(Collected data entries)
━━━

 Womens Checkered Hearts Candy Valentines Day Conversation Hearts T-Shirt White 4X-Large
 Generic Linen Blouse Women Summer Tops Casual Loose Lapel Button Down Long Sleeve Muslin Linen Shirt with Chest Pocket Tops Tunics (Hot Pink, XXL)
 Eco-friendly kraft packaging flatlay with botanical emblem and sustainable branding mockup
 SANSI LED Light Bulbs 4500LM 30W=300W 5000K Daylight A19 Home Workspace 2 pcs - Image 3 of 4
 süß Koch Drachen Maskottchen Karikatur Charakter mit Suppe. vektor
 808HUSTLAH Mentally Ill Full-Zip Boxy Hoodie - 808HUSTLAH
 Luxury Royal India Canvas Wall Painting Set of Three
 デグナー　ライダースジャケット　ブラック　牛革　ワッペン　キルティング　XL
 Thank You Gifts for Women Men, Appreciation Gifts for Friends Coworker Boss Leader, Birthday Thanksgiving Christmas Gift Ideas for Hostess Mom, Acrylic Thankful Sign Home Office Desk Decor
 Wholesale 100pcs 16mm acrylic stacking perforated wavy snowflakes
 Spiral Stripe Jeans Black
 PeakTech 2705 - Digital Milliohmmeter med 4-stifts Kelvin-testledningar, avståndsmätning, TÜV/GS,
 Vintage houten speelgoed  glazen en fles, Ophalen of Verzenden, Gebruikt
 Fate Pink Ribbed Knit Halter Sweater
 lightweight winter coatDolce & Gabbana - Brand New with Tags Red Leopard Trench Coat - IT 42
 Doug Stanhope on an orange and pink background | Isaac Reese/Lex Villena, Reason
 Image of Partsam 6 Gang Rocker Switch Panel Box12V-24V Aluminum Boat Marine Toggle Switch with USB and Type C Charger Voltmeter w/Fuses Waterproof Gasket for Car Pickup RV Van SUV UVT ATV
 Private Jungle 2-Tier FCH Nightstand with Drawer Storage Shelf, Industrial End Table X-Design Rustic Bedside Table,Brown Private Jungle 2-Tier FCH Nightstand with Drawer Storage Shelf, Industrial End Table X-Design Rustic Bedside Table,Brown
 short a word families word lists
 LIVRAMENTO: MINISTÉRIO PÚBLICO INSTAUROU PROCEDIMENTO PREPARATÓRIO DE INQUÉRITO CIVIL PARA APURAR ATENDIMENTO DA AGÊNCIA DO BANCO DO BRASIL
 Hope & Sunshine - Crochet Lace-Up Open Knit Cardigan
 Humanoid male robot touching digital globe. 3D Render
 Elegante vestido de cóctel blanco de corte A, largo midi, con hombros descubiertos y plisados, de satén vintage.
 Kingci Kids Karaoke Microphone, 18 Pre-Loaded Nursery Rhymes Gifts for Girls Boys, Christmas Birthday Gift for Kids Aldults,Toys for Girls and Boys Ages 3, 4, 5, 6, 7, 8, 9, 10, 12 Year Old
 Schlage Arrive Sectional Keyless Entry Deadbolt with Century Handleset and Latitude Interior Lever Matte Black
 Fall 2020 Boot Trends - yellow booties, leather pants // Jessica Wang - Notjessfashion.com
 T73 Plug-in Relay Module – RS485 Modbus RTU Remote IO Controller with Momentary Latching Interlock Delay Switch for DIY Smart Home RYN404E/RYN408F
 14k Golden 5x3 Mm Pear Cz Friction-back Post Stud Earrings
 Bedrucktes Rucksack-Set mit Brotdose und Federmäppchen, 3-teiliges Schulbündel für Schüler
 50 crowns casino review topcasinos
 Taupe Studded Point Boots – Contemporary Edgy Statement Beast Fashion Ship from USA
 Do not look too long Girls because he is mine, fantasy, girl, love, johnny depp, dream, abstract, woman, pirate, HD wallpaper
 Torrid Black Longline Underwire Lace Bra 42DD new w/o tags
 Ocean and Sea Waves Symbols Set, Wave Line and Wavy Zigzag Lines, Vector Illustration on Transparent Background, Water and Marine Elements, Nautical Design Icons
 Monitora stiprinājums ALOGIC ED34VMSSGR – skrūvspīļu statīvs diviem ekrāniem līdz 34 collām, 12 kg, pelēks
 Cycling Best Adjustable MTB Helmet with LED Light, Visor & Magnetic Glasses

━━━

_Work required_:
From the records above, reproduce exactly the lines from the one with "süß Koch Drachen" to the one with "Kingci Kids Karaoke", both included, and no others.

_Response box_:
 süß Koch Drachen Maskottchen Karikatur Charakter mit Suppe. vektor
 808HUSTLAH Mentally Ill Full-Zip Boxy Hoodie - 808HUSTLAH
 Luxury Royal India Canvas Wall Painting Set of Three
 デグナー　ライダースジャケット　ブラック　牛革　ワッペン　キルティング　XL
 Thank You Gifts for Women Men, Appreciation Gifts for Friends Coworker Boss Leader, Birthday Thanksgiving Christmas Gift Ideas for Hostess Mom, Acrylic Thankful Sign Home Office Desk Decor
 Wholesale 100pcs 16mm acrylic stacking perforated wavy snowflakes
 Spiral Stripe Jeans Black
 PeakTech 2705 - Digital Milliohmmeter med 4-stifts Kelvin-testledningar, avståndsmätning, TÜV/GS,
 Vintage houten speelgoed  glazen en fles, Ophalen of Verzenden, Gebruikt
 Fate Pink Ribbed Knit Halter Sweater
 lightweight winter coatDolce & Gabbana - Brand New with Tags Red Leopard Trench Coat - IT 42
 Doug Stanhope on an orange and pink background | Isaac Reese/Lex Villena, Reason
 Image of Partsam 6 Gang Rocker Switch Panel Box12V-24V Aluminum Boat Marine Toggle Switch with USB and Type C Charger Voltmeter w/Fuses Waterproof Gasket for Car Pickup RV Van SUV UVT ATV
 Private Jungle 2-Tier FCH Nightstand with Drawer Storage Shelf, Industrial End Table X-Design Rustic Bedside Table,Brown Private Jungle 2-Tier FCH Nightstand with Drawer Storage Shelf, Industrial End Table X-Design Rustic Bedside Table,Brown
 short a word families word lists
 LIVRAMENTO: MINISTÉRIO PÚBLICO INSTAUROU PROCEDIMENTO PREPARATÓRIO DE INQUÉRITO CIVIL PARA APURAR ATENDIMENTO DA AGÊNCIA DO BANCO DO BRASIL
 Hope & Sunshine - Crochet Lace-Up Open Knit Cardigan
 Humanoid male robot touching digital globe. 3D Render
 Elegante vestido de cóctel blanco de corte A, largo midi, con hombros descubiertos y plisados, de satén vintage.
 Kingci Kids Karaoke Microphone, 18 Pre-Loaded Nursery Rhymes Gifts for Girls Boys, Christmas Birthday Gift for Kids Aldults,Toys for Girls and Boys Ages 3, 4, 5, 6, 7, 8, 9, 10, 12 Year Old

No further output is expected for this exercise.